## YOUR INSTRUCTIONS:
Could you retype the whole listing word for word and drop the images?

──────── DATA EXCERPT

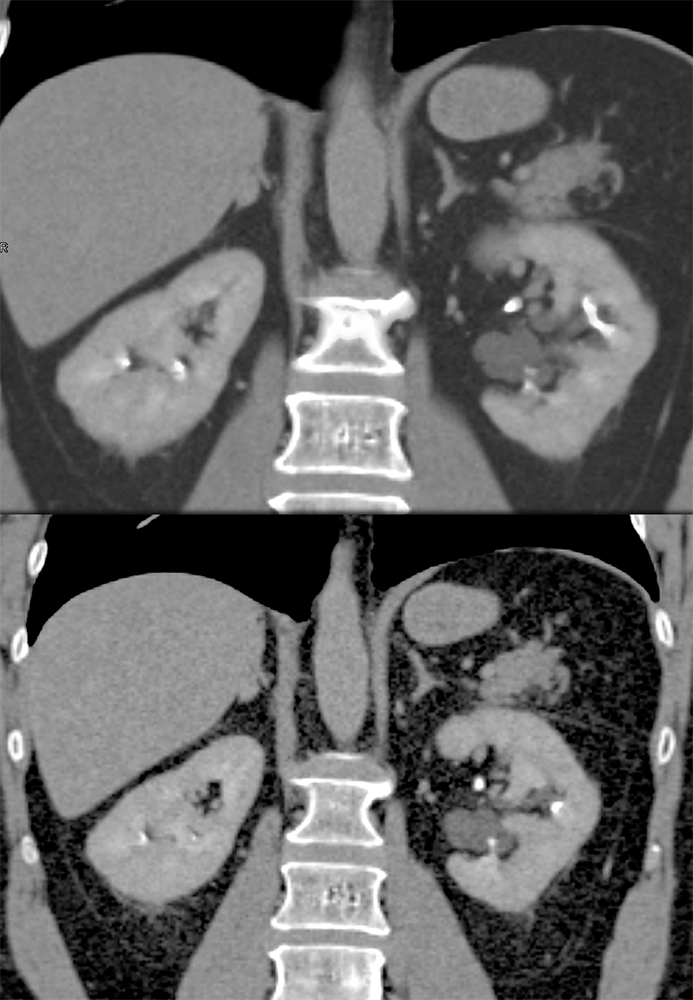 Adrenal Pheochromocytoma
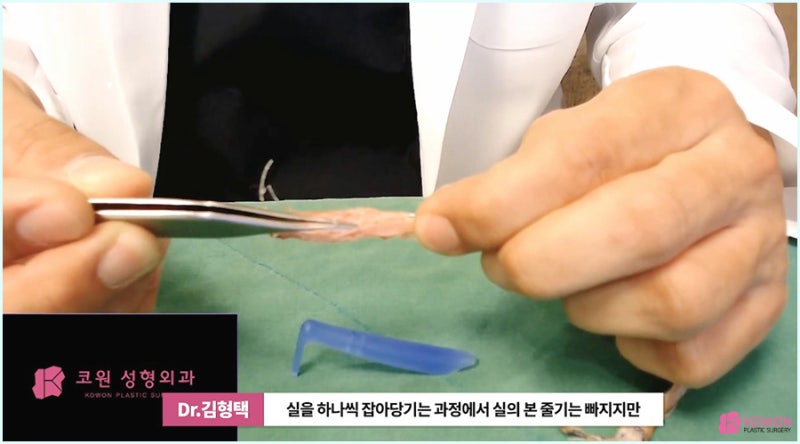 콧날개올리기 실 제거 코재수술잘하는병원 노하우 사진 12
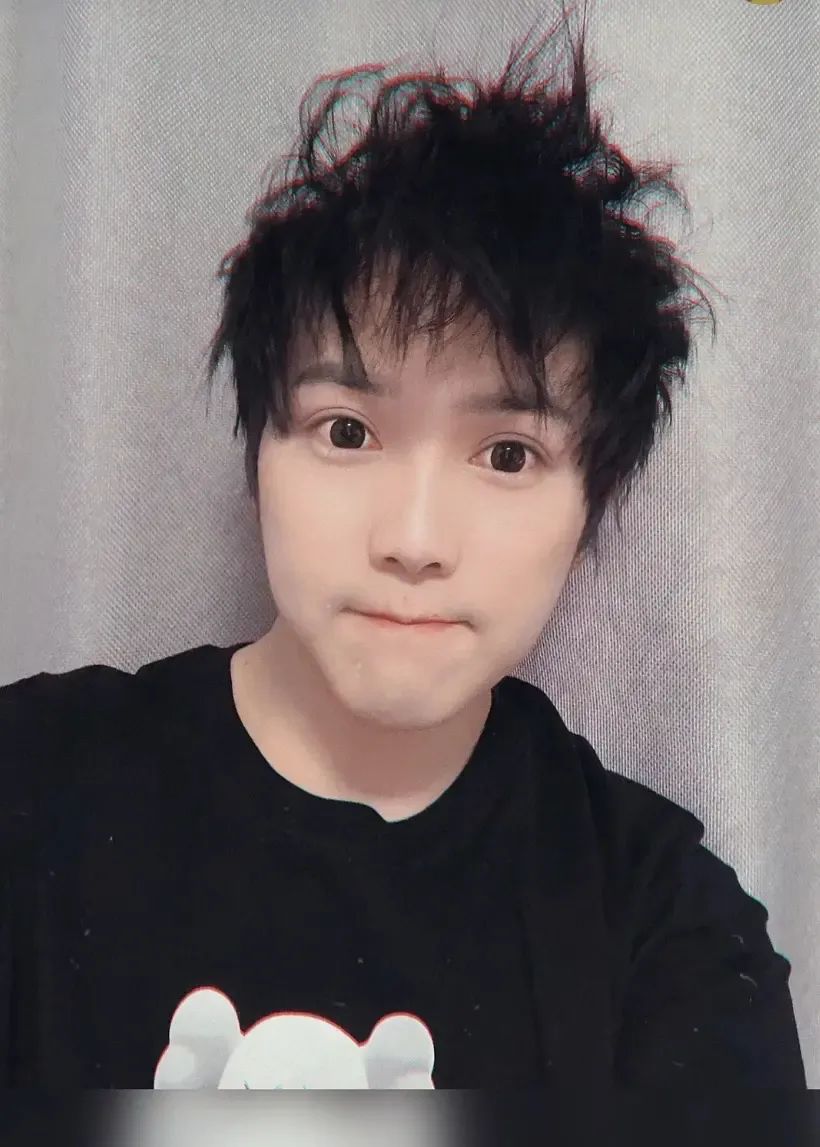 还记得靠苏喂苏喂出圈的网红大皇子吗他秃成这样了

────────────────

## WRITTEN ANSWER:
 Adrenal Pheochromocytoma
 콧날개올리기 실 제거 코재수술잘하는병원 노하우 사진 12
 还记得靠苏喂苏喂出圈的网红大皇子吗他秃成这样了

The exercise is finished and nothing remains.